En effet, nous avons appris hier cette nouvelle déprimante, sidérante, inquiétante: l'opération Marteau n'a recruté que la moitié des 50 enquêteurs nécessaires.

Pourquoi? Essentiellement, selon des déclarations de Jean-Guy Dagenais, chef syndical des policiers de la SQ, parce que Montréal, c'est compliqué. Je paraphrase. Mais c'est ça quand même.
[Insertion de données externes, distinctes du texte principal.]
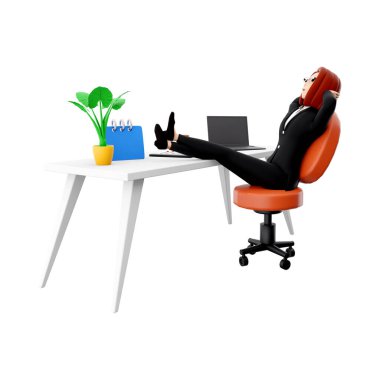 Üç boyutlu yalancı kadın sandalyede yatıyor. 3D dinlenen kadın. 3D iş kadını beyaz arka planda yatıyor.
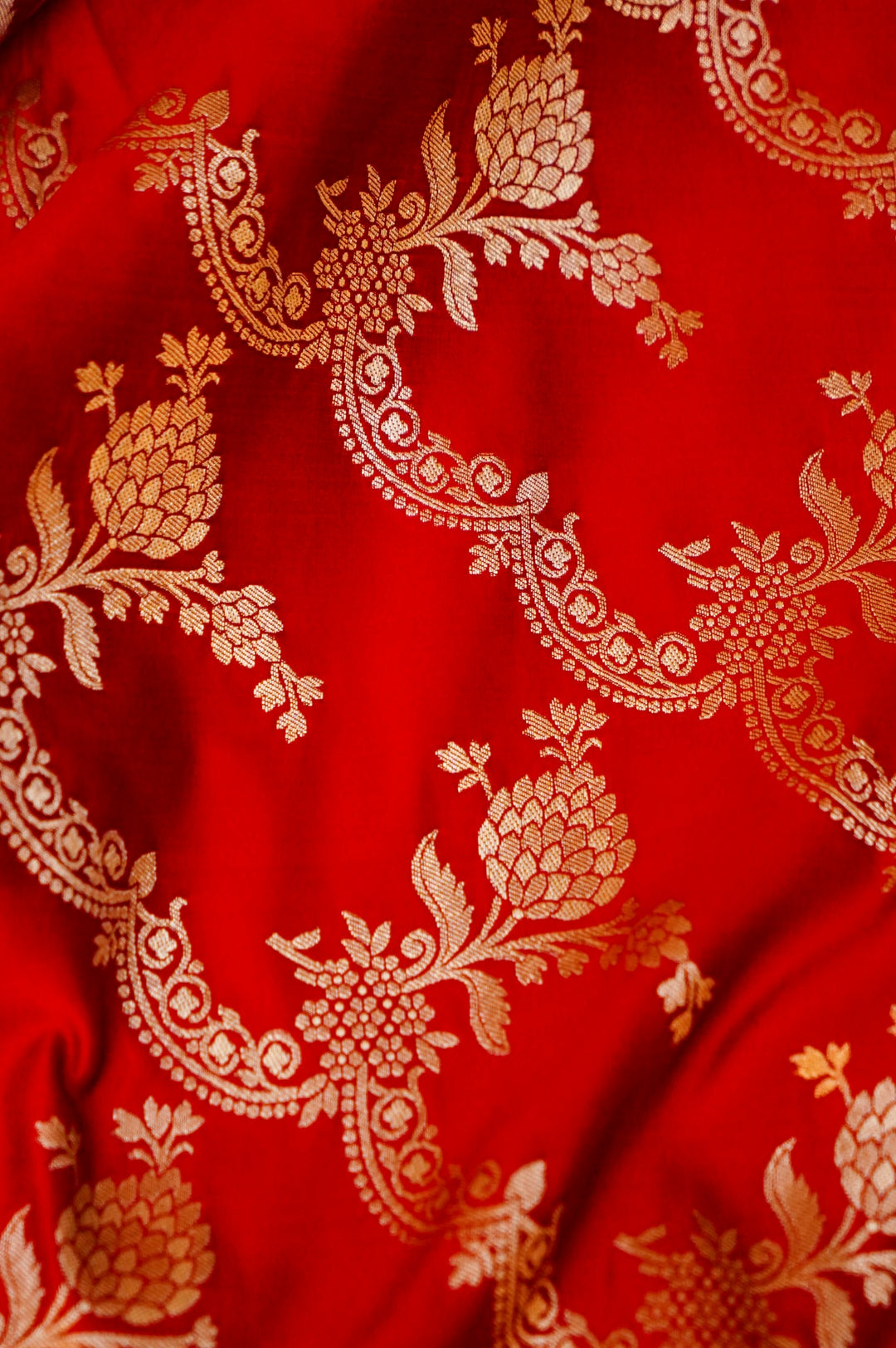 Bridal Banarasi Red Mashru Silk Suit Set with Jangla Dupatta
Extrait:

M. Dagenais précise que les problèmes de circulation automobile et les frais inhérents au stationnement à Montréal peuvent rebuter certains bons enquêteurs qui travaillent actuellement en région périphérique ou ailleurs au Québec, même si le défi qu'offrent ces escouades est intéressant.

Permettez-moi de traduire: dans le meilleur des scénarios, la SQ recruterait de «bons» enquêteurs qui ne connaissent pas l'écosystème du crime montréalais, justement parce qu'ils proviennent de «régions périphériques ou ailleurs au Québec». Mais au moins, dans ce scénario de rêve, les enquêteurs de la SQ seraient «bons», pour reprendre le qualificatif de M. Dagenais.

Mais dans la vraie vie, la SQ va être prise avec des enquêteurs basés en région, qui ne connaissent pas l'écosystème du crime montréalais et qui, EN PLUS, font partie de l'équipe B de la police provinciale.

Formidable, non?

Bref, les chenapans du ménage à trois des entrepreneurs en construction, des parrains locaux et d'élus municipaux qui escroquent le public à coups d'appels d'offres arrangés, de ristournes aux partis et de cadeaux à Pierre, Jean et Gino peuvent dormir tranquilles.

J'aimerais bien savoir ce qu'Yvan Delorme, chef de la police de Montréal, pense de cette mascarade. Mais, bon, il n'a rien à dire sur le sujet.